DOCX doesn't recognize listitems within textbox
Describe the bug DOCX doesn't recognize listitems within textbox element of word document
To Reproduce Provide a sample word file with 2 kind of list items. you can see in the screenshot above that only the "plain" listitems are recognized and those within the textbox are missing from the elements list
list_in_texbox_list-item-missing.docx
Screenshots
this is the file content :
@scanny - Any thoughts on this one?
We currently extract run text from inline text-box shapes along with the rest of the text in the paragraph to which the textbox is anchored. This behavior was added in this PR: https://github.com/Unstructured-IO/unstructured/pull/2510
We could potentially do this differently such that both inline and floating text-boxes were separately partitioned, which would recognize list-items inside them each as a separate element.
Background
- A run is an inline element (think HTML
<span>) within a paragraph. Paragraph text can only appear within a run. The text of a paragraph is the concatenation of the text in each of its runs. - A (DOCX) shape contains one of several possible "graphical" items, including a textbox, but can also be an image, chart, SmartArt, etc.
- A textbox shape contains one or more paragraphs. In general each non-empty paragraph in a document gives rise to a single element in the output.

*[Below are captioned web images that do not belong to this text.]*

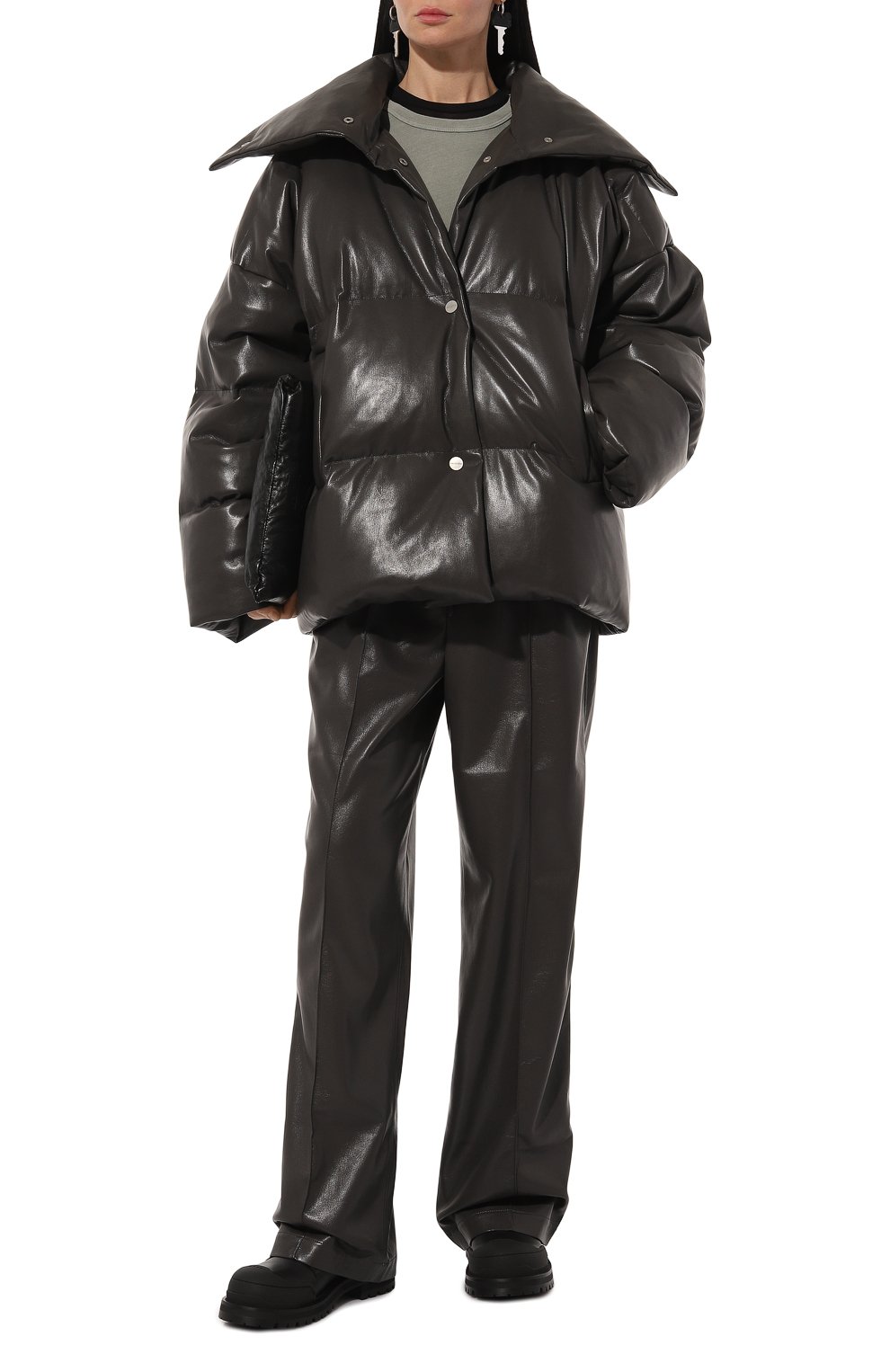 Пуховик NANUSHKA, арт. NW24FW0W31669, фото 2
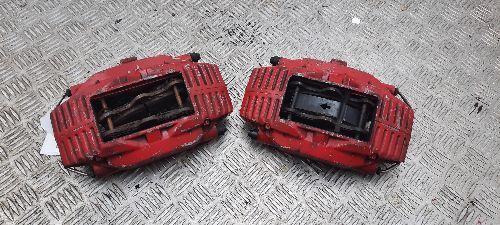 VAUXHALL VXR AP RACING PAIR OF CALIPERS RED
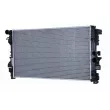 Radiateur, refroidissement du moteur HELLA 8MK 366 300-081 - Visuel 1
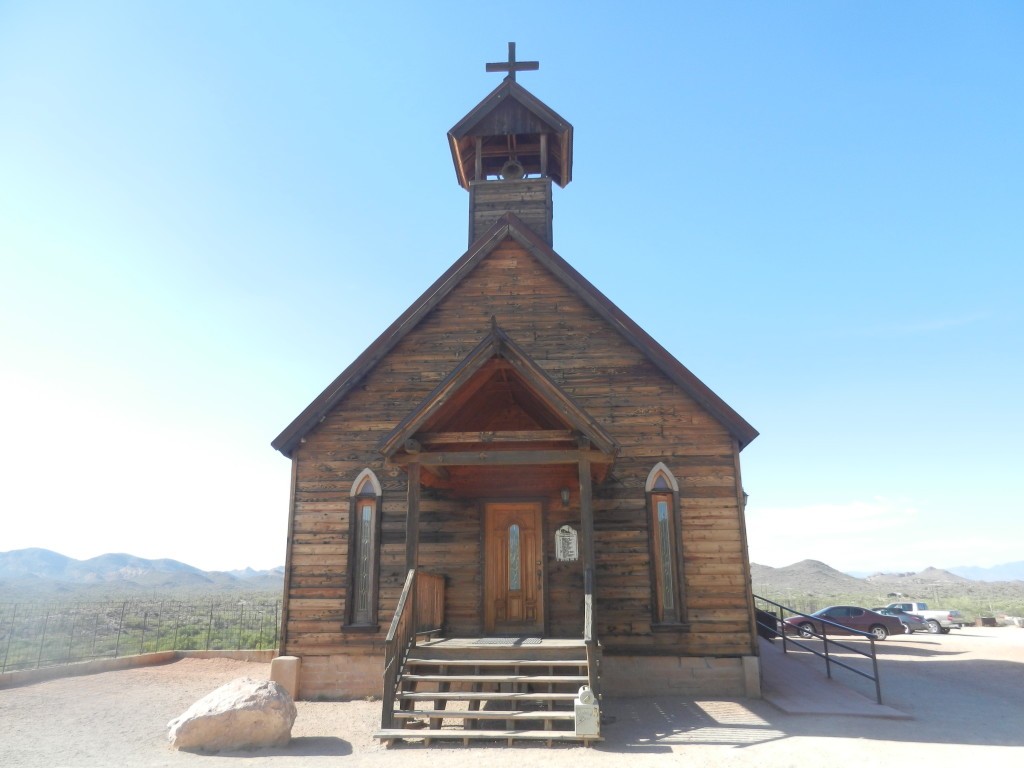 goldfieldchapel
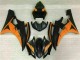 Gelb 06-07 Yamaha YZF R6 Motorrad Verkleidung & Plastik Gelb 06-07 Yamaha YZF R6 Motorrad Verkleidung & Plastik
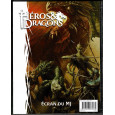Héros & Dragons - Ecran du MJ (jdr de Black Book en VF) 007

- A shape can either be inline or floating. An inline shape is treated like a large character and flows with the text of the paragraph. A floating shape is anchored to a paragraph but can be moved to an arbitrary position and text flows around it.
The approach taken in the prior PR was to include any text in an inline textbox with the text of the paragraph in which it occurs.
- Because this only applies to inline shapes and the example here is floating, the "Aaa.." text does not appear in the partitioning output.
- If it were an inline textbox, all the text would appear together in a single element, like
text="AaaBbbccc"because this is the concatenation of all the runs in the textbox and the paragraph it occurs in is otherwise empty. - If we wanted to partition textbox shapes more precisely, we would need to add a subpartitioner that considered the paragraphs in the text-box separately, each giving rise to their own element. In this case the paragraphs are identified as list items so the textbox would produce three
ListItemelements that would occur immediately after the element containing the other text in the paragraph (empty in this particular case).
@scanny - Any suggestions to workarounds in case I have many documents in this structure ( floating shapes with a lot of text inside) ?
@veredmm Not off the top of my head, no. A general-case solution is pretty disruptive to the current partitioner structure (so wouldn't be easy to monkey-patch or whatever) and would require deep domain knowledge of the DOCX format.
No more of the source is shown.